I was walking down the street, studying the flowers and land. At the far end, a black cat lay in the road. I paused to look closer at one of the weeds, and when I next looked to the cat, it was walking toward me.
There was a hesitant sort of dance. I didn't want to scare the kitty away, but I wanted closer. On it's part, I think the cat just wasn't sure whether I was friendly or not. Upon agreement that a little pet and sniff wasn't going to hurt anyone, we met in the middle.
There was a collar, but no tags. The collar was too small. Skin around the cats torso hung in a way that suggested weight loss. A sore on the tail confirmed that this cat was, if not homeless, at least not well cared for. (A large, pink, wet-looking sore with swollen puss-filled bumps. Occasionally, the poor kitty would turn slowly to lick at it.)
After begging Hubby, we brought the kitty home. It desperately needs a trip to the vet. With all of our other animals -- three cats, a small dog, and several rats -- it is unlikely that we will be able to keep the newcomer. I will probably end up seeing to it's health and finding it a loving home.

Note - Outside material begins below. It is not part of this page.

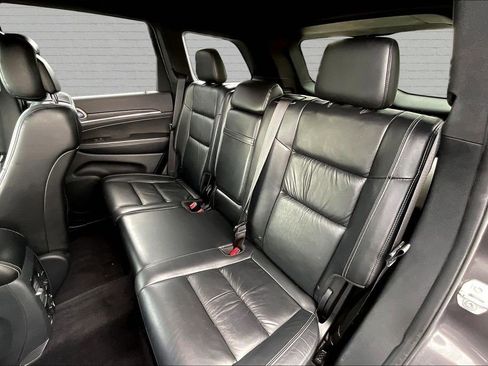Used 2016 Jeep Grand Cherokee Limited w/ Trailer Tow Group IV RWD image 22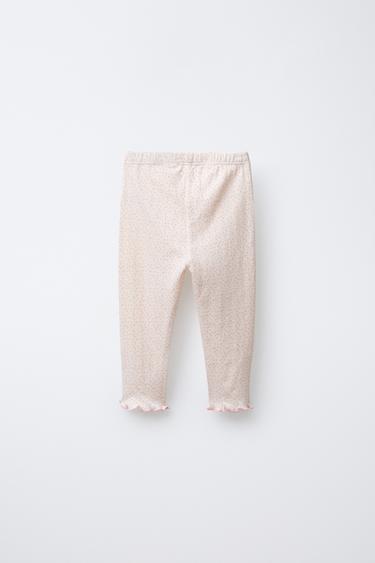2-6 YEARS/ POLKA DOT PYJAMAS - Ecru by Zara - Image 4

Kitty seems to be fairly comfortable already. We saw to feeding it, and cleaned the wound with diluted hydrogen peroxide. Confidently, it sniffed about the space, before finding a good spot and sprawling out. Movements were slow and carefully deliberate, but not in a way to suggest slinking or an inclination to run at a moments notice.
The only thing it clearly didn't like was being put into the travel box. Considering the cat is taller than the box, I don't blame it, but there really wasn't another option. Once in the box, all was a-ok, so long as I kept my fingers in petting range.
(I believe the feline to be male, but it's hard to be sure. If male, definitely fixed. We'll know more about the situation after the weekend, when we can get in to the vet.)
I don't know if this is true for everyone, but it is true for me.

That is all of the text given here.